> _Try it_: The records below need to come back exactly as they are, pictures omitted.

> _Dataset entries_:
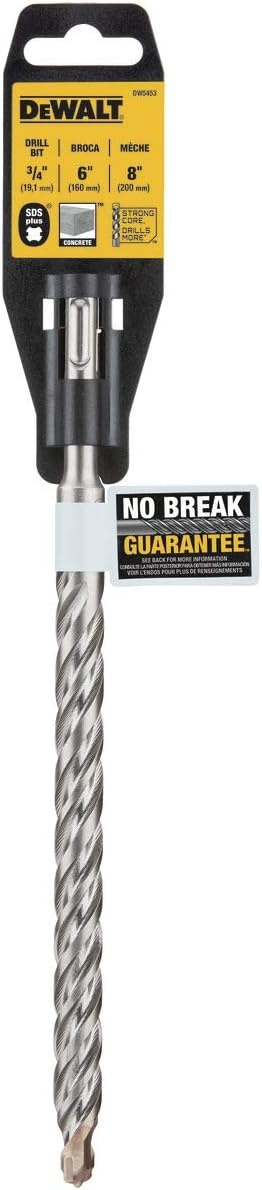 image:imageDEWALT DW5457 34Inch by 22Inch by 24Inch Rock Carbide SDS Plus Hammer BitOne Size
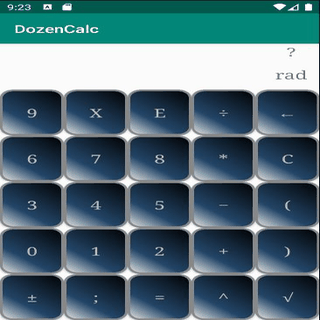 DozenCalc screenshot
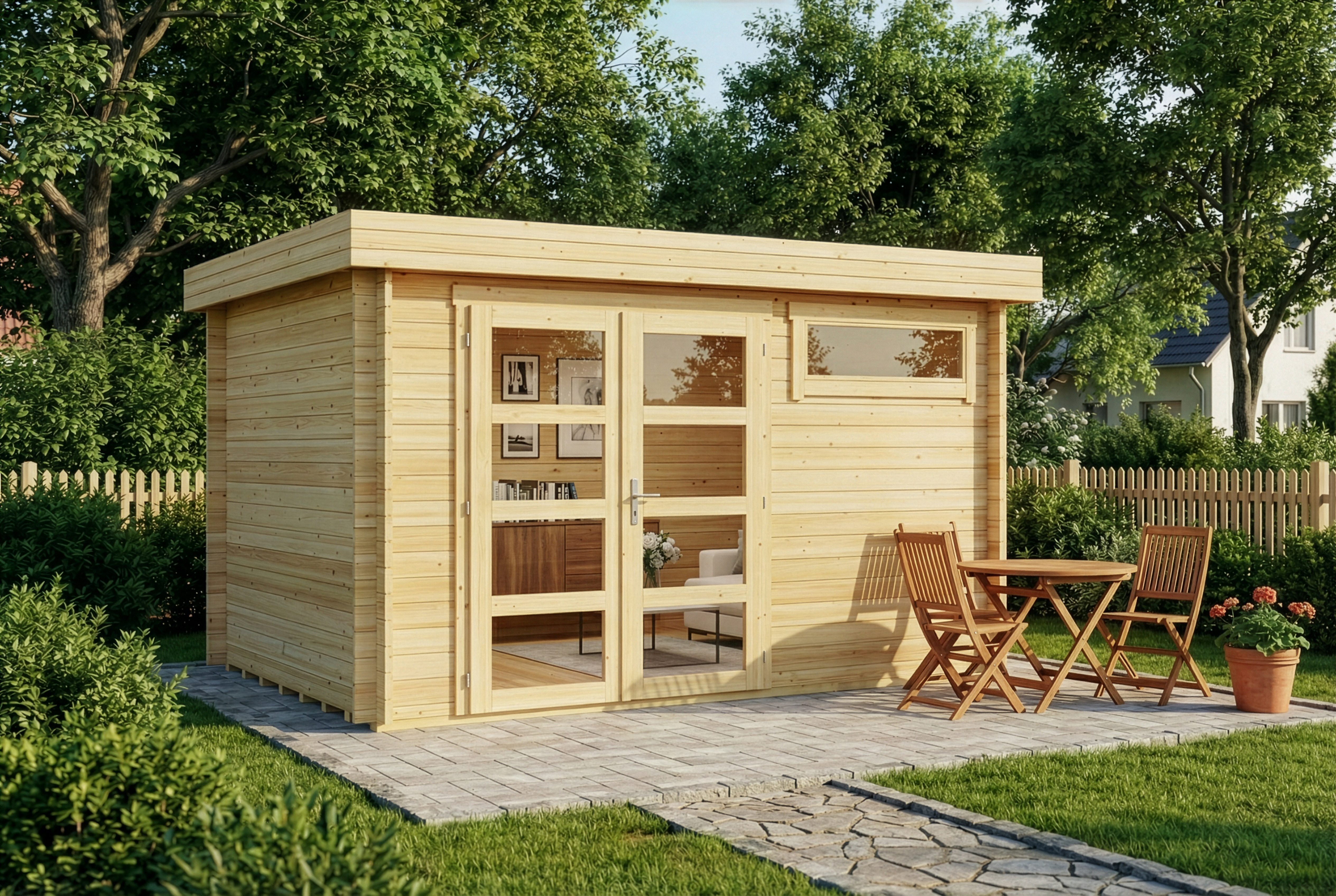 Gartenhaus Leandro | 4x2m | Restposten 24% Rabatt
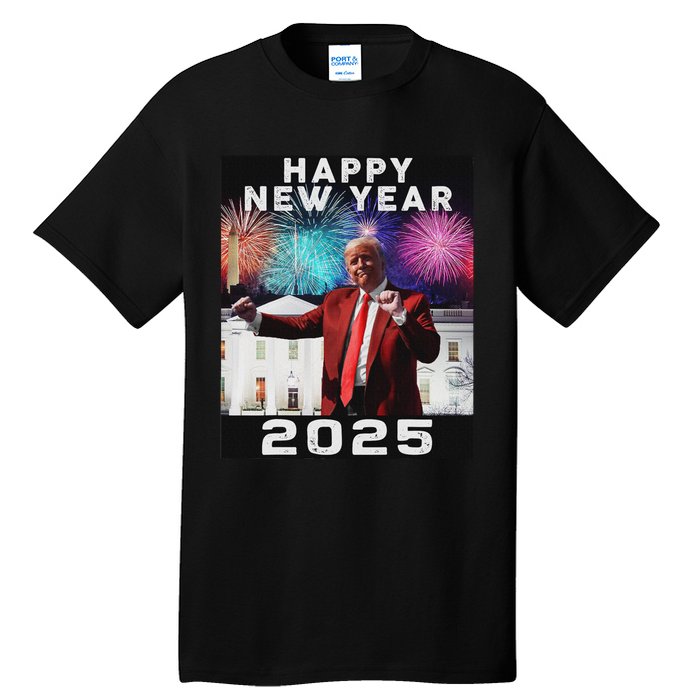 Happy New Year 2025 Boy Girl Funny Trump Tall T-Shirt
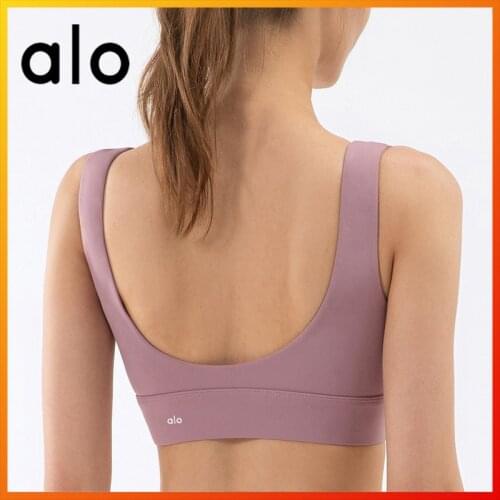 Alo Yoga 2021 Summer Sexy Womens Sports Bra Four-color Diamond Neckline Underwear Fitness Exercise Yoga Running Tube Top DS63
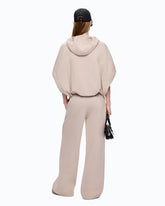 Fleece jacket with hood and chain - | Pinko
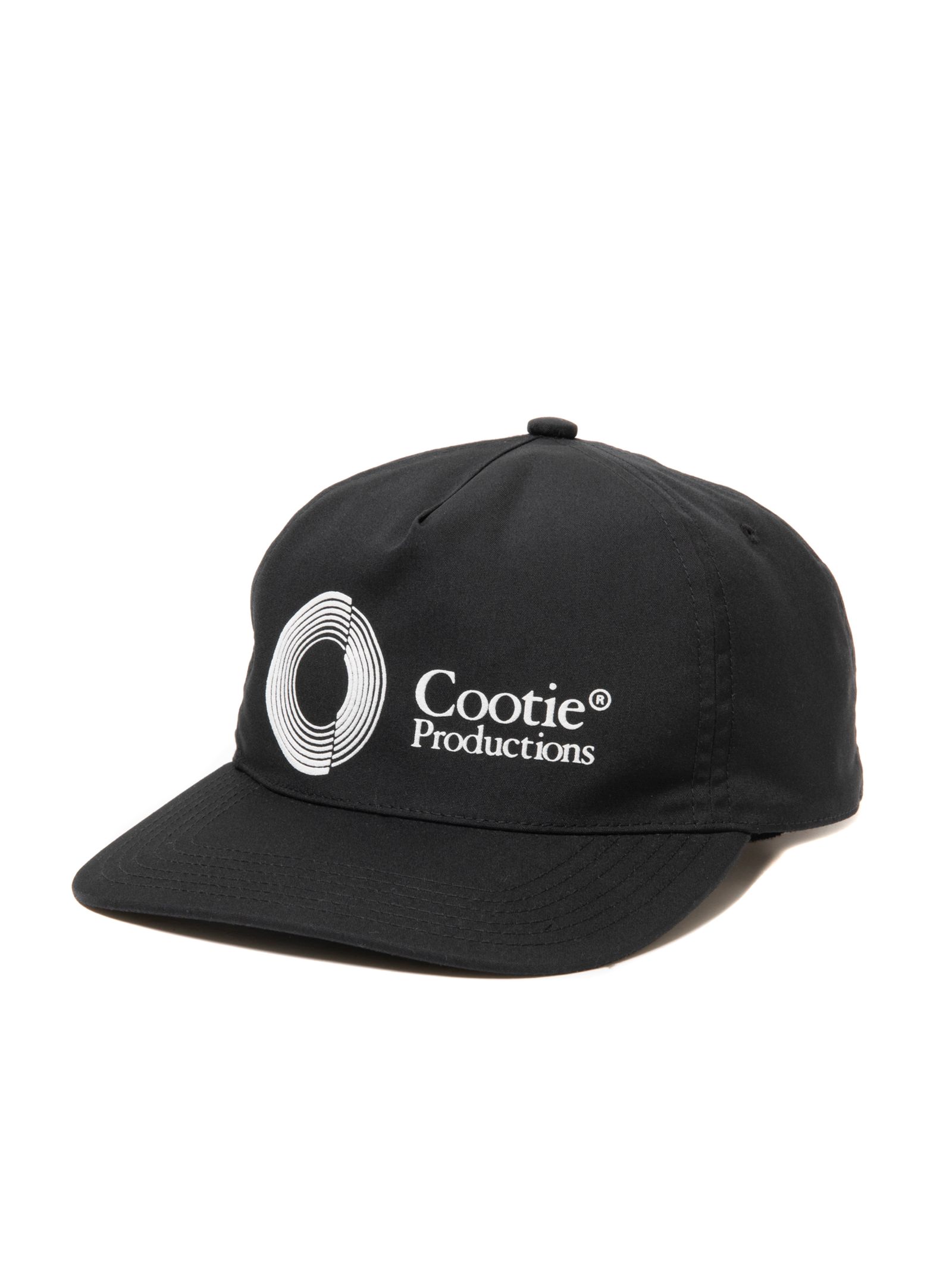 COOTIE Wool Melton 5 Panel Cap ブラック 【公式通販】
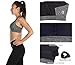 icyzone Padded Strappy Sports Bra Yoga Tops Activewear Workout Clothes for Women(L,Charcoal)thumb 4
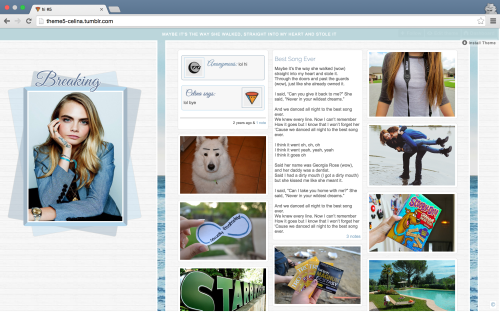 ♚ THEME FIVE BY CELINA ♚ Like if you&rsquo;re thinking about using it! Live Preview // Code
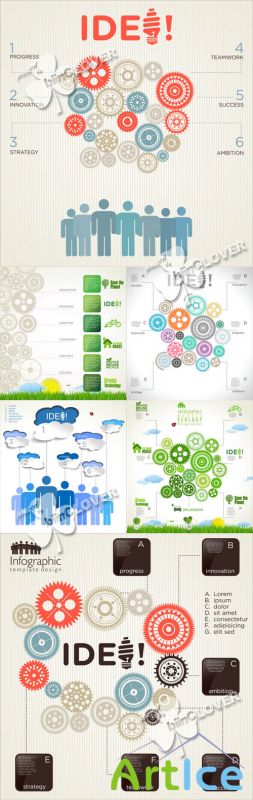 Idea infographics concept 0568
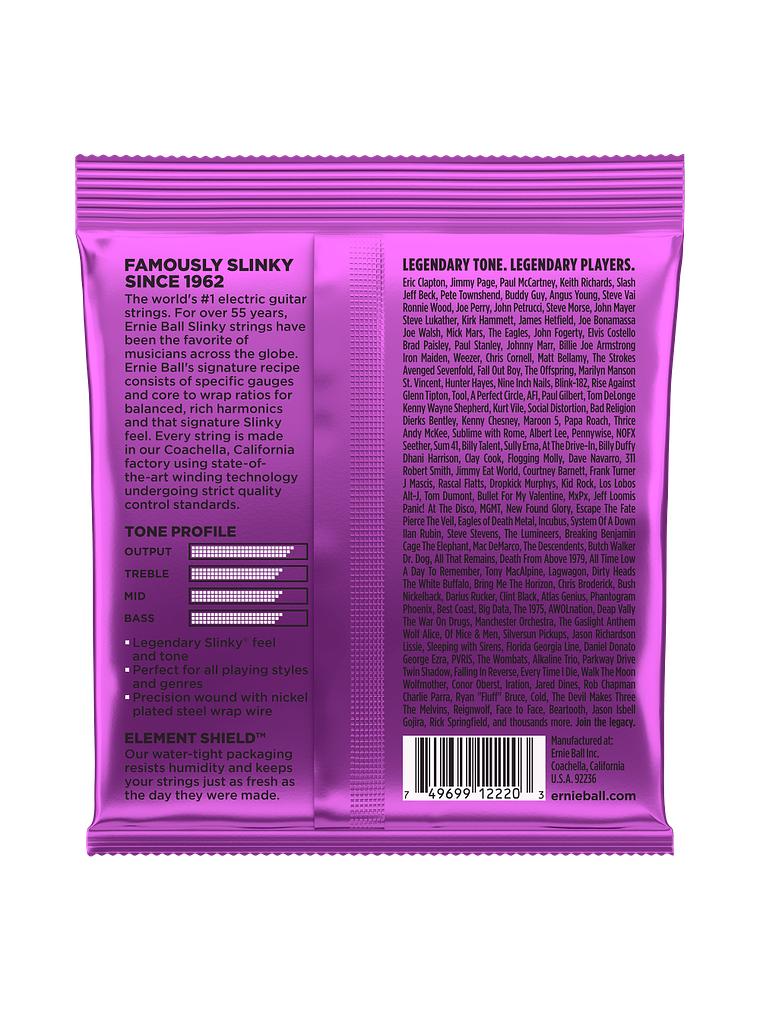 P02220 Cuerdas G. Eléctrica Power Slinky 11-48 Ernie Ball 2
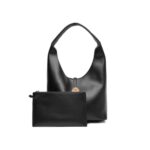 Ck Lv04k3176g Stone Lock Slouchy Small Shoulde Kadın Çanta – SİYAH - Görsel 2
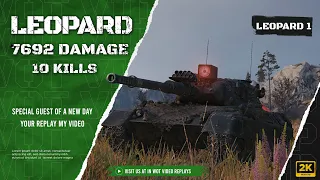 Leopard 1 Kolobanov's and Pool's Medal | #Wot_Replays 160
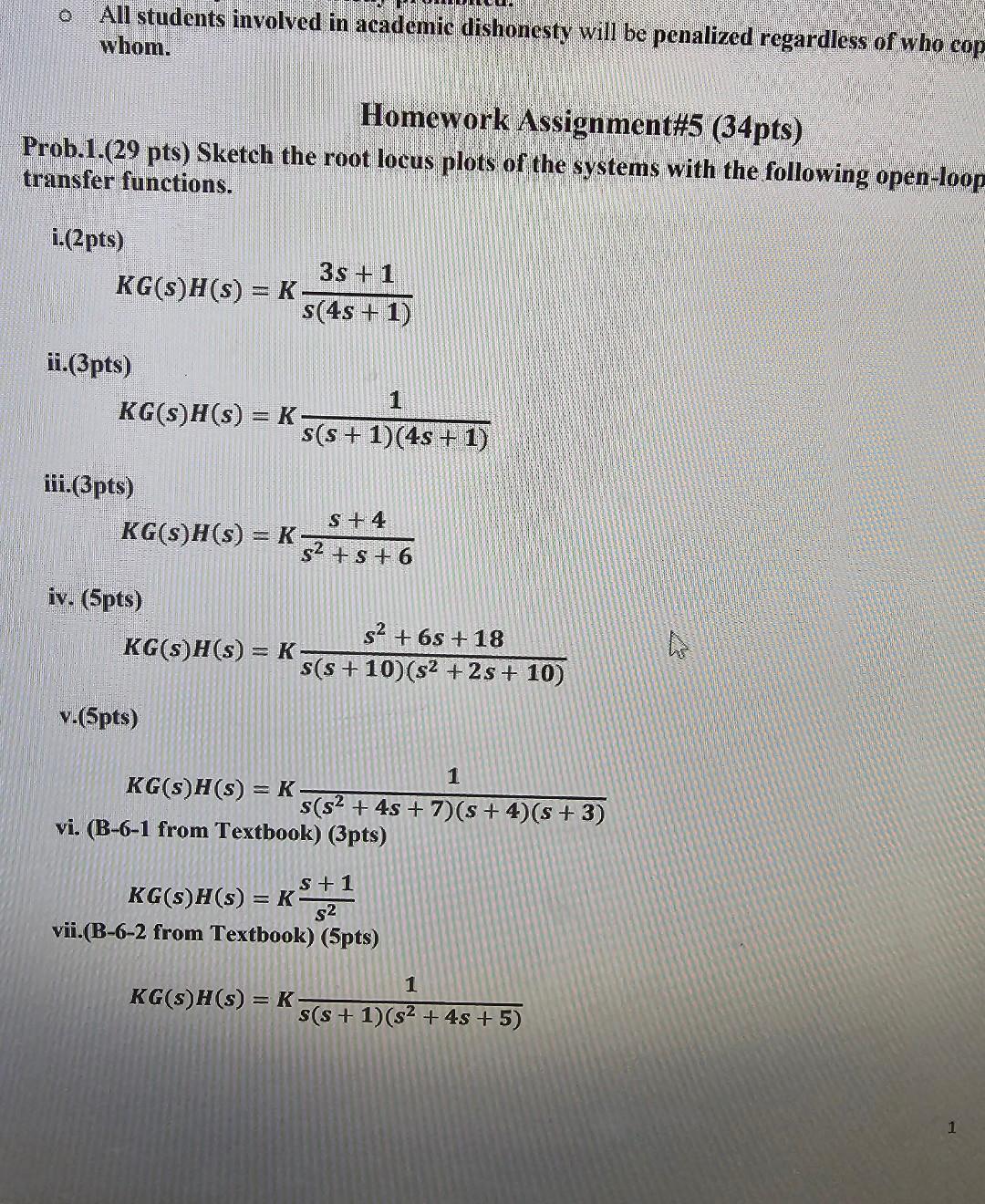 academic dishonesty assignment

> _Task response_:
 image:imageDEWALT DW5457 34Inch by 22Inch by 24Inch Rock Carbide SDS Plus Hammer BitOne Size
 DozenCalc screenshot
 Gartenhaus Leandro | 4x2m | Restposten 24% Rabatt
 Happy New Year 2025 Boy Girl Funny Trump Tall T-Shirt
 Alo Yoga 2021 Summer Sexy Womens Sports Bra Four-color Diamond Neckline Underwear Fitness Exercise Yoga Running Tube Top DS63
 Fleece jacket with hood and chain - | Pinko
 COOTIE Wool Melton 5 Panel Cap ブラック 【公式通販】
 icyzone Padded Strappy Sports Bra Yoga Tops Activewear Workout Clothes for Women(L,Charcoal)thumb 4
 ♚ THEME FIVE BY CELINA ♚ Like if you&rsquo;re thinking about using it! Live Preview // Code
 Idea infographics concept 0568
 P02220 Cuerdas G. Eléctrica Power Slinky 11-48 Ernie Ball 2
 Ck Lv04k3176g Stone Lock Slouchy Small Shoulde Kadın Çanta – SİYAH - Görsel 2
 Leopard 1 Kolobanov's and Pool's Medal | #Wot_Replays 160
 academic dishonesty assignment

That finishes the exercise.